Last month, the San Francisco City Council voted to prohibit city agencies from using facial recognition software on municipal cameras. City officials raised reasonable questions about how the technology would be used, as well as the potential effects on civil liberties.
San Francisco is the first major city to ban the use of facial ID technology by a government agency, but it probably won’t be the last. (Earlier this month, the Oakland City Council followed suit by passing its own ban on facial recognition technology.) Each evolution of technology demands that society places that technology within the delicate balance between safety and privacy. It’s an issue that the U.S. Supreme Court has wrestled with many times. And it’s an issue that our local governments — and liberty advocates — should be debating as well.
The surveillance implications of facial ID technology are disturbing enough. But there are also compelling questions about how this information will be stored and used, and who will have access to it. These questions are particularly pressing since the composite of this information can reveal “a wealth of detail about … familial, political, professional, religious, and sexual associations” as Supreme Court Justice Sonia Sotomayor noted in her concurring opinion from United States v.

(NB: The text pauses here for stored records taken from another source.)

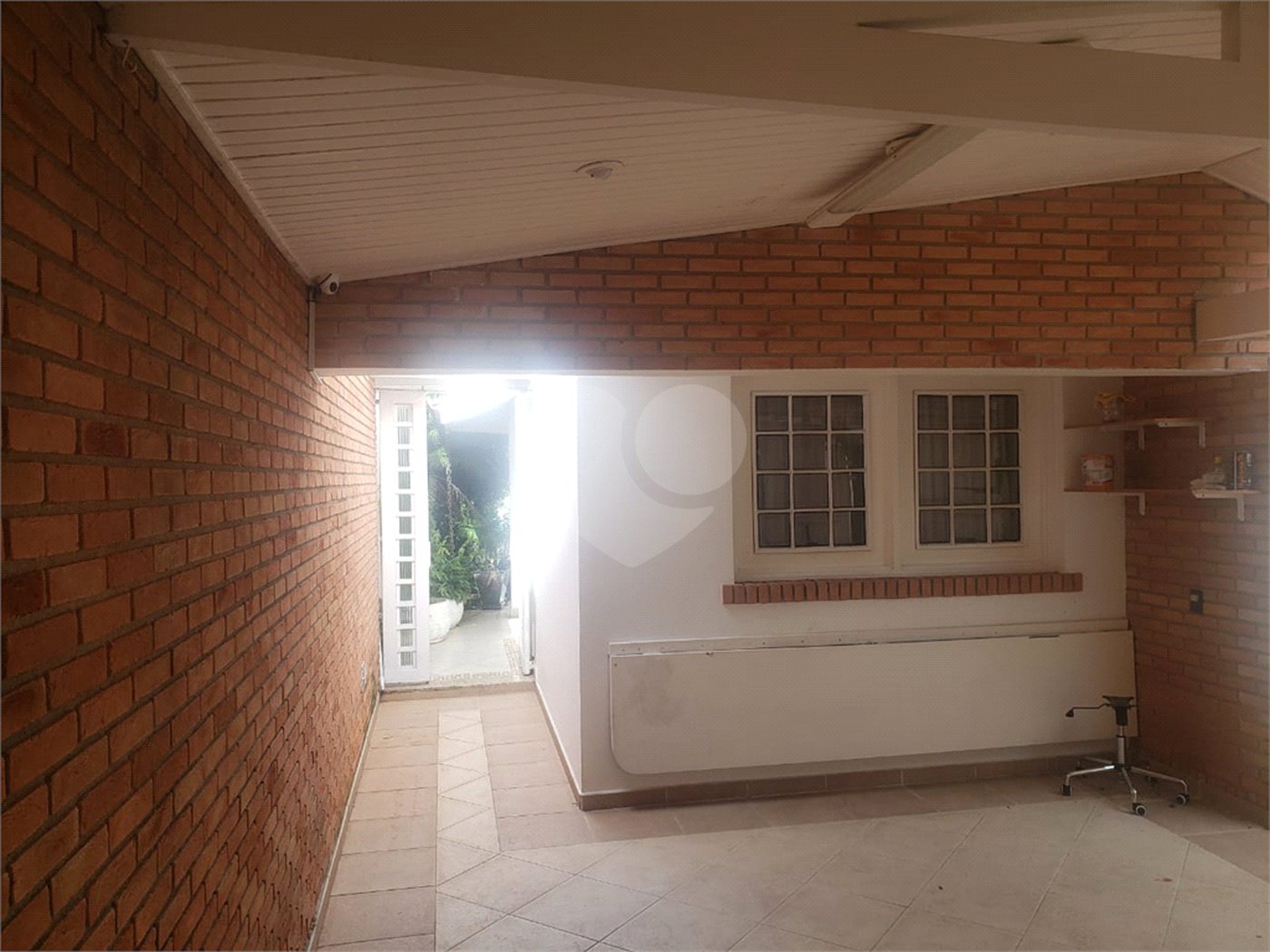 Sobrado à venda com 4 quartos, sendo 2 suítes,  em Tremembé, São Paulo, SP
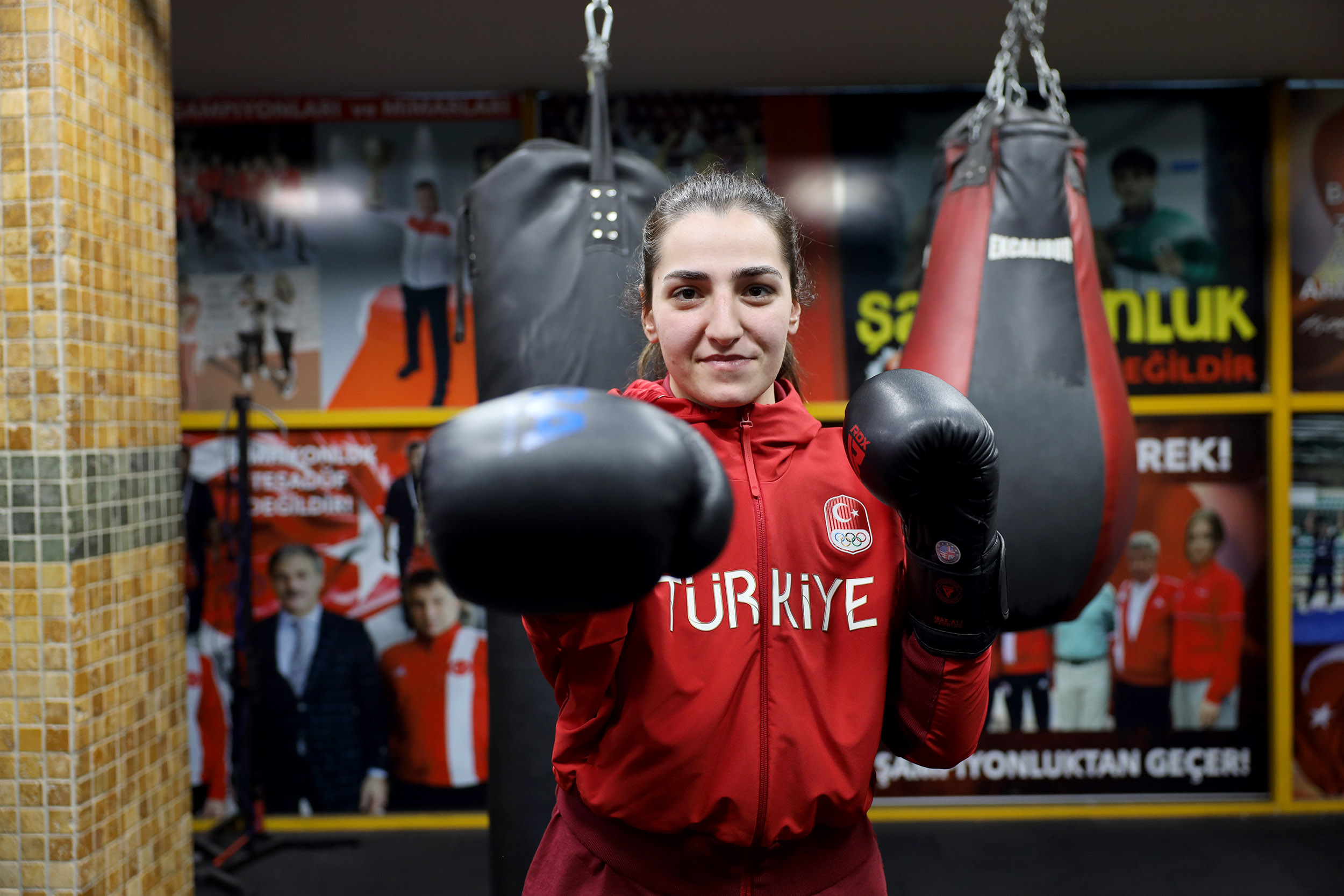 Sakarya’nın ringdeki parlayan yıldızı Ece Asude tarih yazmak istiyor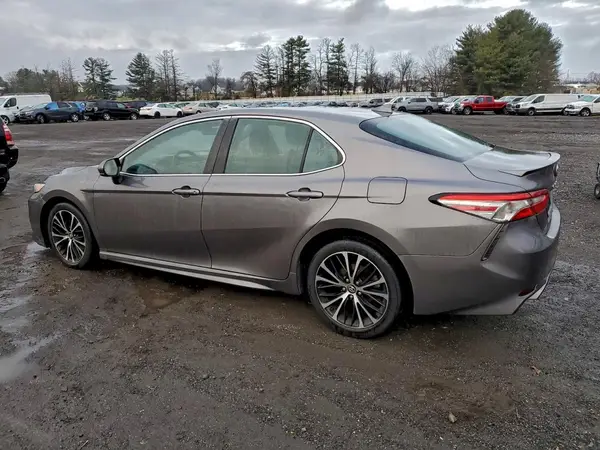 4T1B11HK9KU274449 2019 TOYOTA CAMRY - Image 2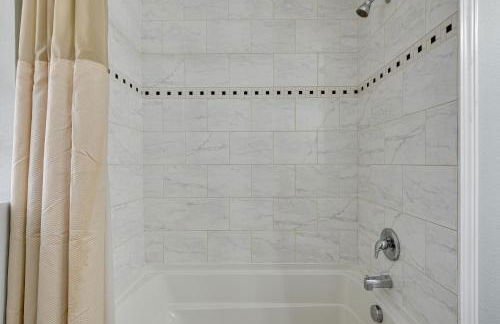 Modern Flower Mound Home Less Than 2 Mi to River Walk - Foto 21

Jones (2012), which focused on the use of a GPS tracking device.
Yet the fabric of the Fourth Amendment, which specifically applies to “persons, houses, papers and effects,” can only be stretched so far when it comes to public activity and general privacy.
For example, when a public camera snaps a picture of you crossing the street, who owns that photo? If the photo is not your “person,” “paper,” or “effect,” how can the Fourth Amendment protect it? Where, then, do your property rights secured by the Constitution trump the government’s data collection? Though it may not seem particularly worrisome for a street camera to recognize any single person’s face on one or two specific occasions, police or government agencies coordinating multiple cameras around a city that are recording, storing, and performing pattern recognition presents a starkly more Orwellian picture.
Proponents of individual liberty have long looked to the language of the Fourth Amendment to safeguard privacy. Yet strangely enough, the word “privacy” appears nowhere in the text of the amendment, which instead defends “the right of the people to be secure” against “unreasonable searches and seizures” of “persons, houses, papers, and effects.”
At the moment, facial identification software and other tracking technologies are in legal limbo. The fact is that courts are slow, and judicial precedents often lag decades behind technology.
For example, a 2014 Supreme Court decision held that the devices are protected from being searched by the police without a warrant. But that decision came almost a decade after smartphones became ubiquitous in American society. While recent Supreme Court precedent may limit some aspects of government surveillance (Carpenter v. United States (2018)), it might be years and more likely decades before a decision clarifies where digital privacy ends and government authority begins.
As technological sophistication increases and precedents lag behind it, societal expectations of privacy tend to deteriorate. This makes the “reasonable expectation of privacy” test crafted by the Supreme Court in the 1960s somewhat self-defeating and might be why certain conservative justices have signaled a return to a property-rights-based approach to the Fourth Amendment. Until the judiciary catches up and defines these constitutional protections more clearly, local, municipal and state legislatures should be asking pertinent questions about how governments are using these tools. After all, the courts are not the only recourse for defending important rights.
As technology advances in leaps and bounds, we should push state and local legislators to fill in the gaps of laws designed to protect our privacy and enforce our Fourth Amendment rights. Just as courts have a duty to define our constitutional rights, so too do local governments have an obligation to protect those rights.